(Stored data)
########################################
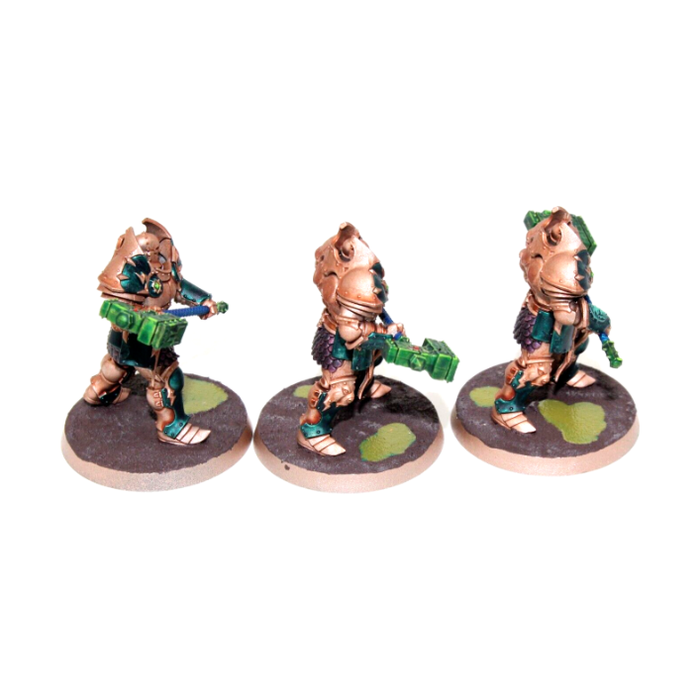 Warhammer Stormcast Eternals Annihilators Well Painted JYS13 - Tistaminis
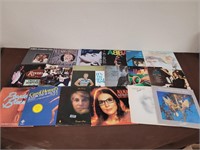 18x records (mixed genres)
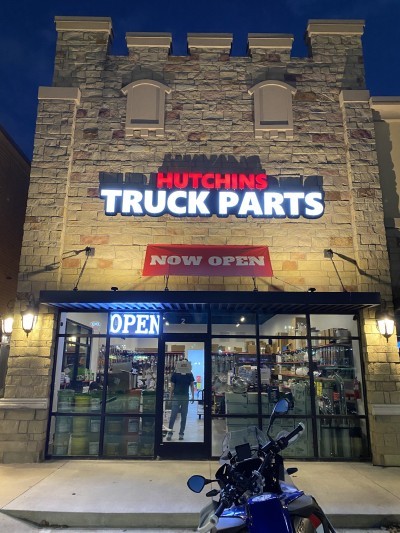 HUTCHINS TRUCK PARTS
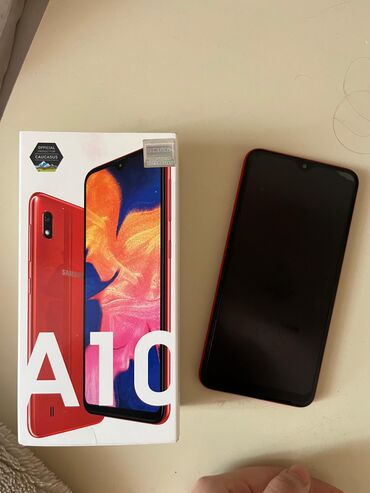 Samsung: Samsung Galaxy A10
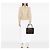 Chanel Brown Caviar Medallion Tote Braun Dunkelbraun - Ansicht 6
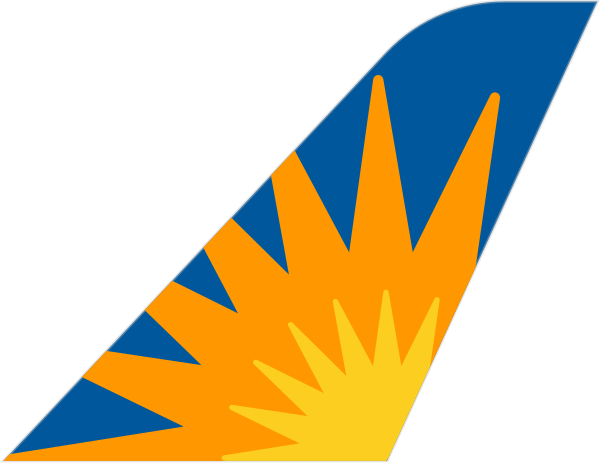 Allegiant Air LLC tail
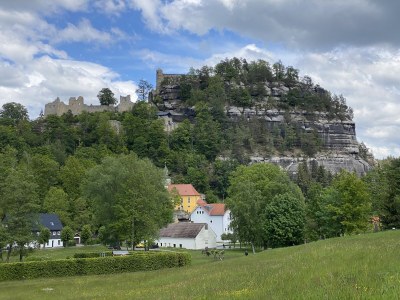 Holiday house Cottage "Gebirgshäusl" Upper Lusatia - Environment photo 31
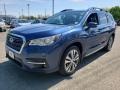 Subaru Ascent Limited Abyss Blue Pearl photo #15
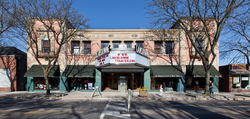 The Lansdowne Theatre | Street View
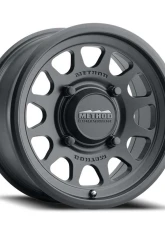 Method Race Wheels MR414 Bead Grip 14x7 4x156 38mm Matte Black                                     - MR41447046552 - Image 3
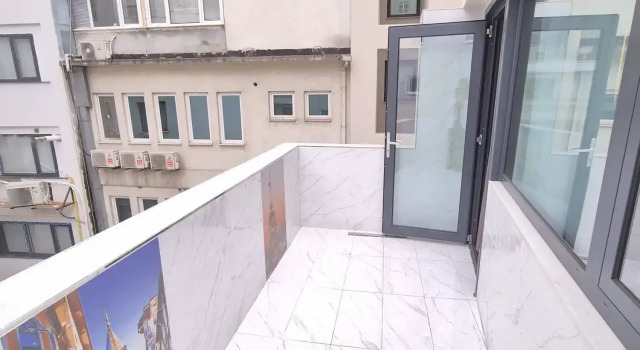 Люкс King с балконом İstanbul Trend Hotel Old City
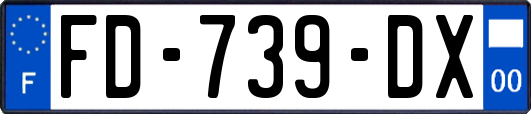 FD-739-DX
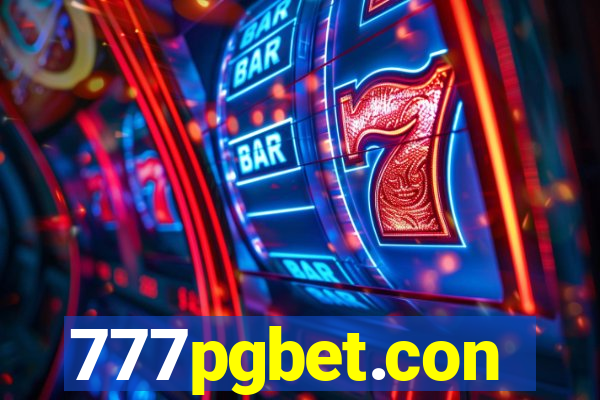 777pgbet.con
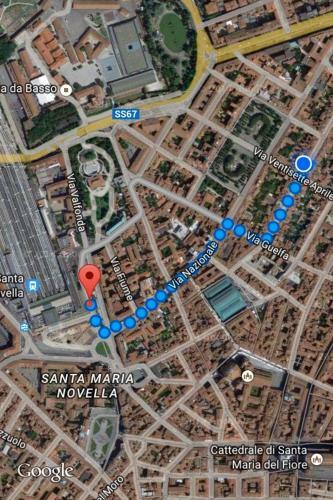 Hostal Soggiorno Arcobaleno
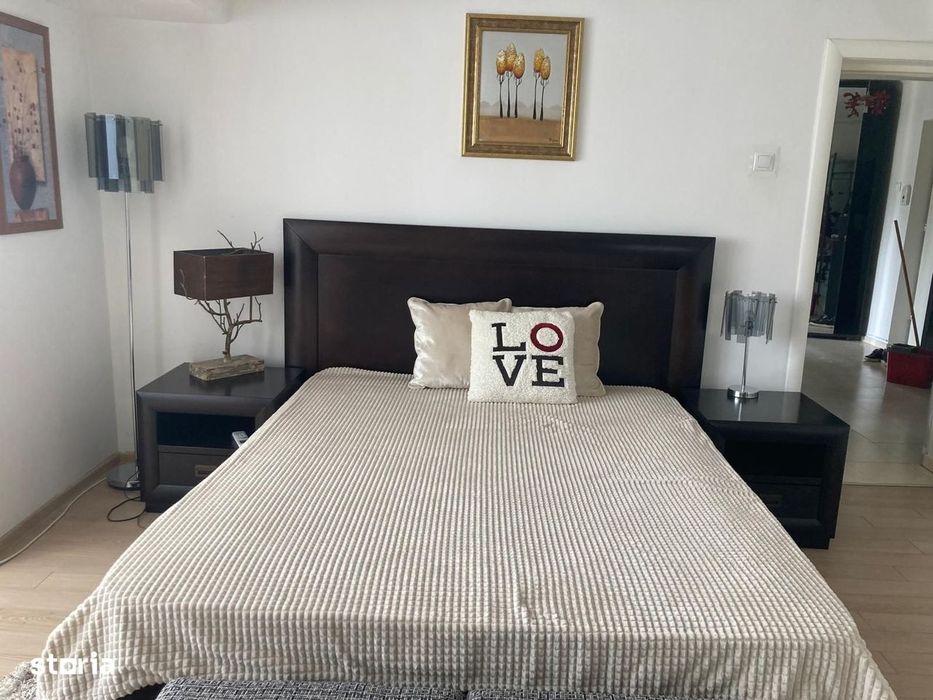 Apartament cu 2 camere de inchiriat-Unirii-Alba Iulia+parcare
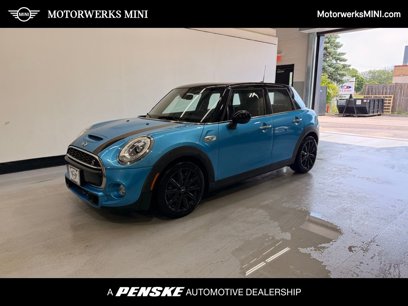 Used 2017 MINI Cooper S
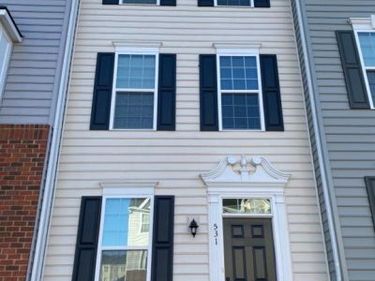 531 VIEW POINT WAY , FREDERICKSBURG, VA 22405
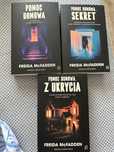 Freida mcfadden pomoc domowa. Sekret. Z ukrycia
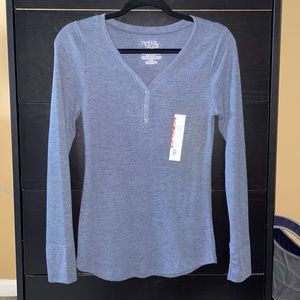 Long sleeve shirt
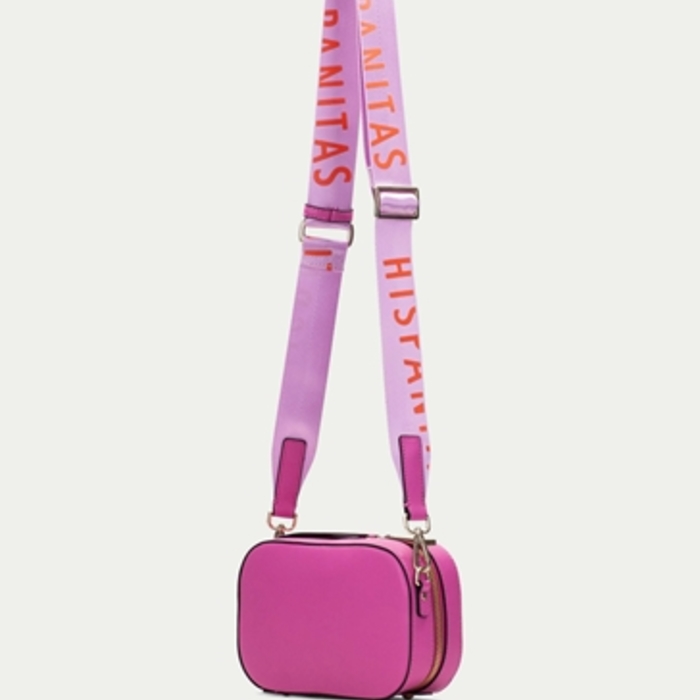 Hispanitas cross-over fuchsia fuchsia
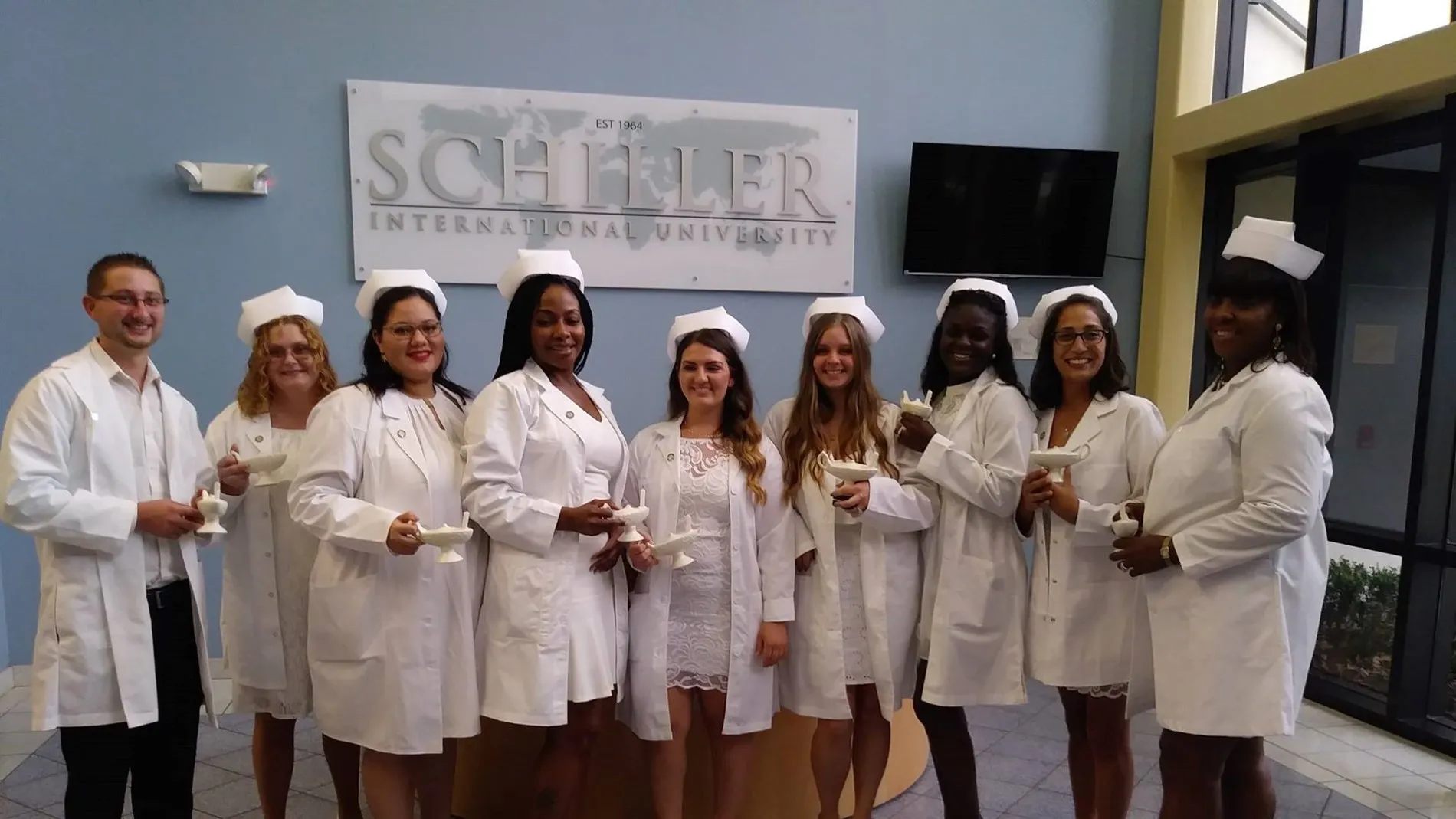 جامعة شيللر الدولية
########################################
Your answer must be exactly the lines from the one containing "Samsung: Samsung Galaxy A10" through the last line of the records above, both included, with every picture left out.

• Expected answer:
 Samsung: Samsung Galaxy A10
 Chanel Brown Caviar Medallion Tote Braun Dunkelbraun - Ansicht 6
 Allegiant Air LLC tail
 Holiday house Cottage "Gebirgshäusl" Upper Lusatia - Environment photo 31
 Subaru Ascent Limited Abyss Blue Pearl photo #15
 The Lansdowne Theatre | Street View
 Method Race Wheels MR414 Bead Grip 14x7 4x156 38mm Matte Black                                     - MR41447046552 - Image 3
 Люкс King с балконом İstanbul Trend Hotel Old City
 FD-739-DX
 777pgbet.con
 Hostal Soggiorno Arcobaleno
 Apartament cu 2 camere de inchiriat-Unirii-Alba Iulia+parcare
 Used 2017 MINI Cooper S
 531 VIEW POINT WAY , FREDERICKSBURG, VA 22405
 Freida mcfadden pomoc domowa. Sekret. Z ukrycia
 Long sleeve shirt
 Hispanitas cross-over fuchsia fuchsia
 جامعة شيللر الدولية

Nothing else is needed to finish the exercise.